Since 2012, 30,000 Americans avoided stiff tax penalties by declaring they had innocent reasons for failing to disclose offshore holdings. But under the program they received no guarantees that they wouldn’t be prosecuted in the future. And now the Justice Department and the Internal Revenue Service are combing through thousands of secret records obtained from 80 Swiss banks to determine whether the taxpayers were truthful.

We’re “taking all of that data and scrubbing it for leads,” Nanette Davis, a trial attorney in the Justice Department’s tax division, said at the New York University Tax Controversy Forum last month. The effort has been fruitful already, she said. With some taxpayers, “we say ‘we could indict this case tomorrow,”’ said Davis, who is overseeing the review.

The U.S. government got a trove of data from Swiss banks under settlements in which they disclosed how they helped Americans evade taxes. The banks handed over account information, as permitted by Swiss secrecy law, and recordings of phone calls with U.S. clients. In exchange for the cooperation, the U.S. agreed not to prosecute those banks, which paid penalties totaling $1.37 billion.

The risk of being scrutinized falls on those taxpayers who came forward under the government’s so-called streamlined program. Those living in the U.S. paid penalties of 5 percent of their undisclosed offshore assets, while overseas residents paid none.

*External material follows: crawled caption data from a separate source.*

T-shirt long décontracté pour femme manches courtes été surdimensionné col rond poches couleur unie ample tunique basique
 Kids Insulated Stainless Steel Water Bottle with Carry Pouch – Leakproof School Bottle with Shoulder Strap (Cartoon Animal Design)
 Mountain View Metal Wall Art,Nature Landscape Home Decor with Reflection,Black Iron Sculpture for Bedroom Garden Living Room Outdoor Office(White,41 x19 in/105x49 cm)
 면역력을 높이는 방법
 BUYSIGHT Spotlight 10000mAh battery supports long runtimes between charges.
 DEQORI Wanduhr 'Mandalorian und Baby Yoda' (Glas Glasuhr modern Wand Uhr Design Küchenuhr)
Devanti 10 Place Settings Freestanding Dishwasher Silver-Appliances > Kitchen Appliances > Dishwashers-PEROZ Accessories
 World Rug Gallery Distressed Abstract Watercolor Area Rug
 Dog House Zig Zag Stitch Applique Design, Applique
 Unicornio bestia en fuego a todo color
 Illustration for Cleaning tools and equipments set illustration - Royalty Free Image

Another 54,000 Americans took a more arduous route in voluntarily disclosing their offshore accounts to the IRS since 2009, including their dealings with bankers and advisers. They were hit with penalties of as much as 27.5 percent of their assets, in addition to the total of $8 billion in back taxes and other penalties. But the government agreed to never prosecute these taxpayers over the disclosures.

Lawyers Critical
Some tax lawyers were critical of Davis’s warnings about possible prosecutions.

Those statements might have “a chilling effect” on people considering using the streamlined program, said tax attorney Barbara Kaplan, of Greenberg Traurig LLP. That “undermines the IRS interest in bringing as many people as possible” into tax compliance, she said.

But attorney Jeremy Temkin said it’s been clear to tax advisers for the last year that the Justice Department might prosecute people who lied in their declarations. His advice: Clients should disclose any bad facts to the IRS.

“It is important to present both the positive and negative facts and let the IRS decide,” said Temkin of Morvillo Abramowitz Grand Iason & Anello PC.

IRS trial attorney John C. McDougal suggested at the conference that the review of the streamlined submissions isn’t as dire as Davis made it sound because they’re being looked at in the same way as other tax returns. The IRS has begun formal examinations in some of the cases, he said.

Still, the threats to taxpayers who lied may be mounting as more financial institutions step forward. Davis said offshore entities not yet under investigation are voluntarily approaching the U.S. to cooperate.

“We’re getting spreadsheets with U.S. client names, account numbers, details, entity names, account balances,” she said. “It’s a little bit of a dangerous time if you are an offshore account holder and have not gotten right, because there’s just been an avalanche of information that’s come to the department and the IRS.”